Knowledge Discovery in Databases
ÚSI-RTZZDAcad. year: 2020/2021
The course covers the basic concepts concerning knowledge discovery in databases, the relation between knowledge discovery and data mining, data sources for knowledge discovery, the principles and techniques of data pre-processing for mining, systems for knowledge discovery in databases, data mining query languages. It also focuses on data mining techniques – characterization and discrimination, association rules, classification and prediction, clustering, complex data type mining, trends in data mining. The production of a data mining project using an available data mining tool.
Learning outcomes of the course unit
Students will gain a wide yet sufficiently deep overview of the field of knowledge acquisition from databases.
They will be able to both use and develop tools for knowledge acquisition.

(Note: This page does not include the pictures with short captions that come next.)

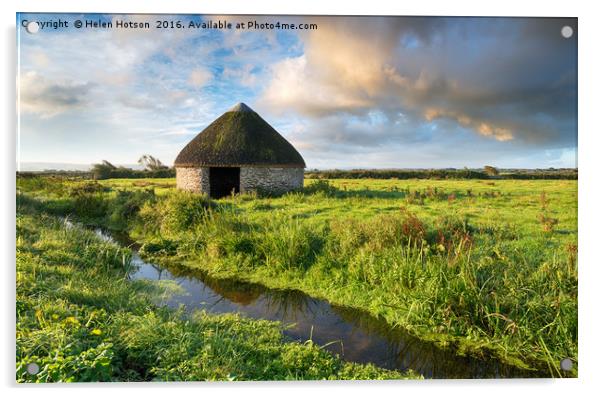 Braunton Marshes in Devon Acrylic by Helen Hotson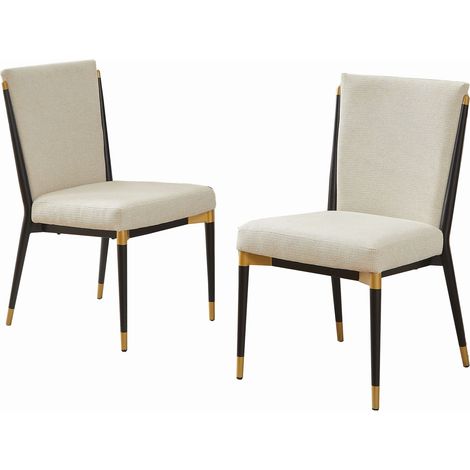 Pack de 2 sillas de comedor, asiento acolchado en tela con patas metálicas ajustables en negro y dorado, beige (1/5)
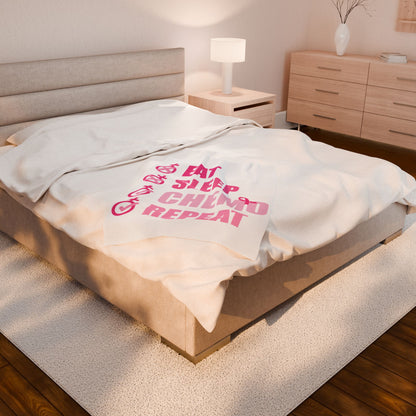Eat Sleep Chemo Repeat White Velveteen Plush Blanket 3 Sizes Chemotherapy Gift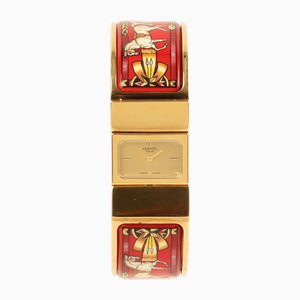 Loquet Enamel Bangle Watch Red from Hermes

Students will learn specialised terminology in both Czech and English.
Students will gain experience with working on projects in a small team.
Students will improve their skills in the area of the presentation and defence of project results.

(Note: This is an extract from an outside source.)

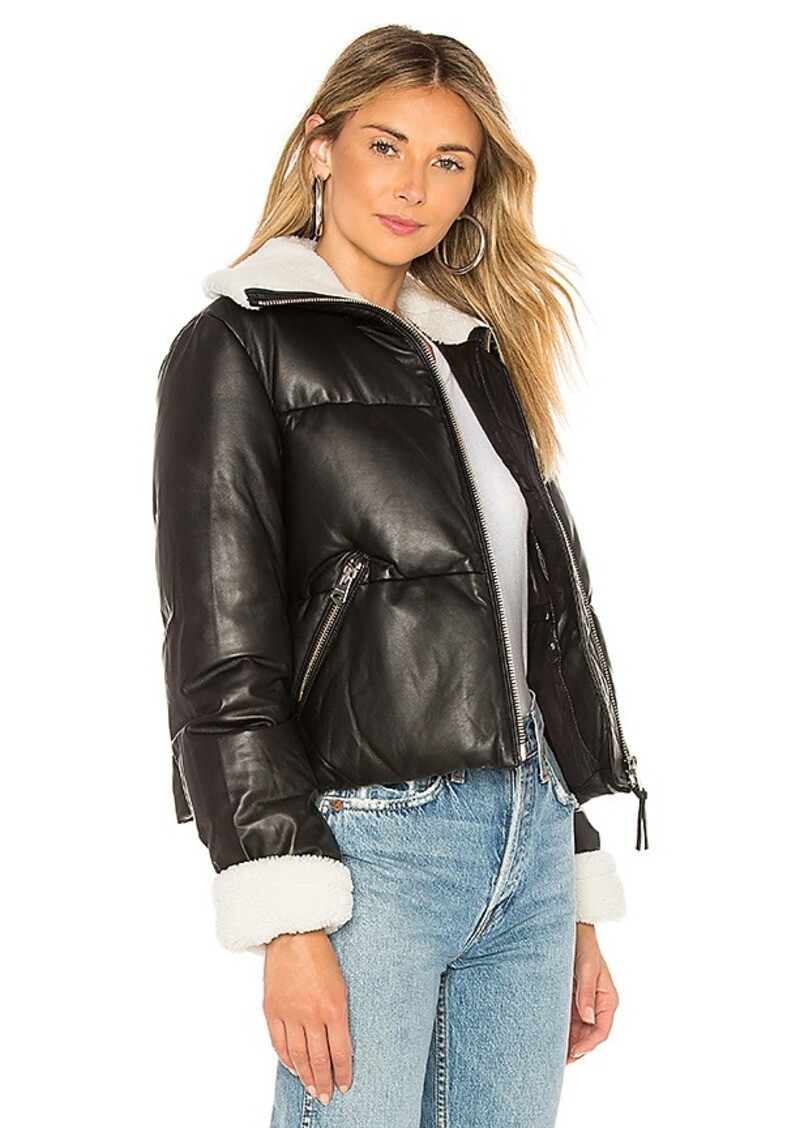 MACKAGE  BLACK COAT LEATHER CAMMI WOMEN'S BOMBER MOTO JACKET  W/SHEARLING PUFFER image 2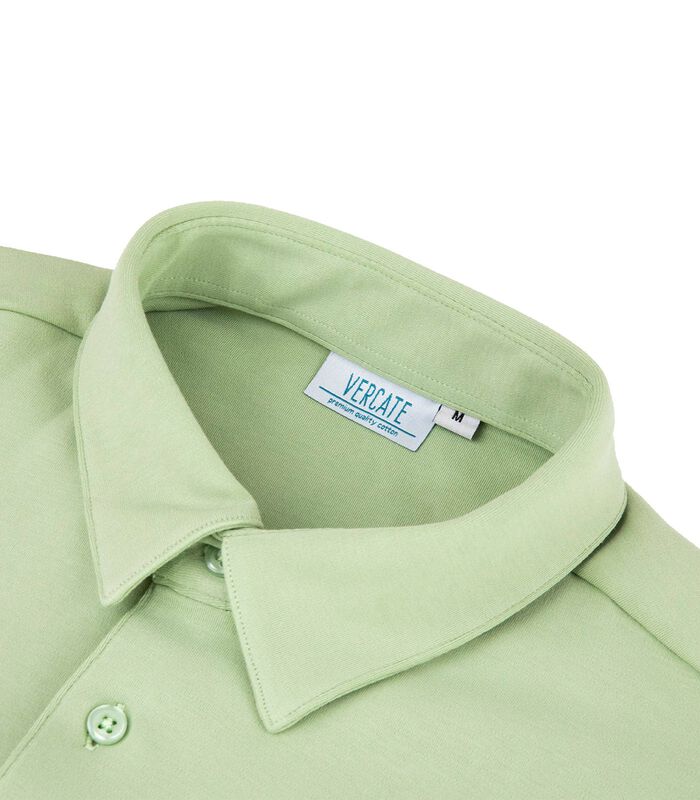 Heren Polo Lange Mouw - Strijkvrij Poloshirt - Groen - Slim Fit - Excellent Katoen image number 2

Recommended optional programme components
Recommended or required reading
Han, J., Kamber, M.: Data Mining: Concepts and Techniques. Second Edition. Elsevier Inc., 2006, 770 p., ISBN 1-55860-901-3.
Berka, P.: Dobývání znalostí za databází. Academia, 2003, 366 s., ISBN 80-200-1062-9.
Dunham, M.H.: Data Mining. Introductory and Advanced Topics. Pearson Education, Inc., 2003, 315 p.
Zendulka, J. a kol.: Získávání znalostí z databází. FIT VUT v Brně, 160 s., 2009.
Zendulka, J., Kunc, M., Stryka, L.: Získávání znalostí z databází. FIT. Extrakce informací a získávání znalostí na Webu. FIT VUT v Brně, 65 s., 2010.
Planned learning activities and teaching methods
Tuition takes place via lectures and seminars. The lectures focus on the explanation of basic principles, the methods of the given discipline, problems and example solutions.
Assesment methods and criteria linked to learning outcomes
A mid-semester written exam, formulation of a data-mining task, defence of a project. The credit is awarded on the basis of the completion of a project, and the attainment of at least 24 points for graded activities during the semester.
Language of instruction
1. Introduction – motivation, fundamental concepts, types of data source and acquired knowledge, methodology.
2. Data Warehouse and OLAP Technology for knowledge discovery.
3. Data Preparation – methods.
4. Data Preparation – data characteristics.
5. Mining frequent patterns and associations - basic concepts, efficient and scalable frequent item set rummaging methods.
6. Multi-level association rules, association rummaging and correlation analysis, constraint-based association rules.
7. Classification and prediction - basic concepts, decision tree, Bayesian classification, rule-based classification.
8. Classification by means of neural networks, SVM classifier, other classification methods, prediction.
9. Cluster analysis - basic concepts, types of data in cluster analysis, partitioning and hierarchical methods. Other clustering methods.
10. Introduction to rummaging data stream, time-series and sequence data.
11. Introduction to rummaging in graphs, time-spatial and multimedia data.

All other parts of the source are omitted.